De presente pelo adeus à vida de menina moça, ao invés da formalidade da apresentação à sociedade local, ganhou de presente uma viagem ao Rio de Janeiro, onde ficou um mês como a princesinha do mar. Sentia-se cidadã do mundo. E não sentia saudades da terra natal, como é de costume dos compatriotas. Se culpava e se excluía. Que coisa! Não tinha a menor saudade de feijão verde com carne de sol. Não come carne. E o sol? Ah! Esse tem em todo lugar, pensava. Sempre gostou dos ares cosmopolitas das cidades grandes. Comentavam que sua pupila dilatava ao cruzar Goiana rumo a Recife….E a Lagoa e o Ponto de Cem Réis lhe pareciam pequeno para os saltos que queria dar. Seu trampolim ainda não era o do Clube Astréia . Embora mais velha, tenha compreendido que a maior viagem é sempre aquela que se faz da janela, leu isso em algum lugar. Ou que, se queres ser universal, dê a volta em casa…coisas assim. Mas quando se é jovem demais, o quarteirão é alhures.

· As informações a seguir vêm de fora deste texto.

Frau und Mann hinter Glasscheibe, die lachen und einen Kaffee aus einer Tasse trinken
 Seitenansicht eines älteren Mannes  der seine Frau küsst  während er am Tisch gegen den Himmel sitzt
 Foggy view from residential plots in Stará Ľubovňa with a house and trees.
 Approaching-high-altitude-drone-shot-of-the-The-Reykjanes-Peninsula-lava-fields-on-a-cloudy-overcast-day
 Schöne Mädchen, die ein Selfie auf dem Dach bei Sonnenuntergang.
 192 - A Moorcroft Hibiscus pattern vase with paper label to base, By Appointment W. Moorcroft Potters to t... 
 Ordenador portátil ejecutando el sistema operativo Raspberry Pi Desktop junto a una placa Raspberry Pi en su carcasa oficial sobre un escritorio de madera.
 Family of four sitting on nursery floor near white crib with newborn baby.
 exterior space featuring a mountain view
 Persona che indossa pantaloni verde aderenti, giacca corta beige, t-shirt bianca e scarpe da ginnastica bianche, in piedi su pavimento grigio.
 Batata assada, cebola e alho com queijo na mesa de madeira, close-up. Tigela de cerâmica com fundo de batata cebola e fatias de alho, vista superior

Mais tarde outras diferenças. Não tinha como sonho o casamento, nem tão pouco a maternidade. Achava inimaginável passar a vida inteira com um homem só. Como saber que aquele tal homem é o homem da sua vida. Viu essa pergunta depois no cinema na comédia romântica, Simplesmente Amor. Casou porque amou. E toda forma de amor valia a pena. Não se usava amar e não casar. Mas não quis filhos logo. Achava que teria toda a vida para aquela empreitada. Sim, não se via mãe. Era uma menina que amava os Beatles e os Rolling Stones; que forçava a barra para ter cabelos naturalmente encaracolados; pintava as unhas de cores diferentes; e se maquiava com delineador e rímel. Queria ser correspondente do mundo. Não de guerra. Mas da Arte.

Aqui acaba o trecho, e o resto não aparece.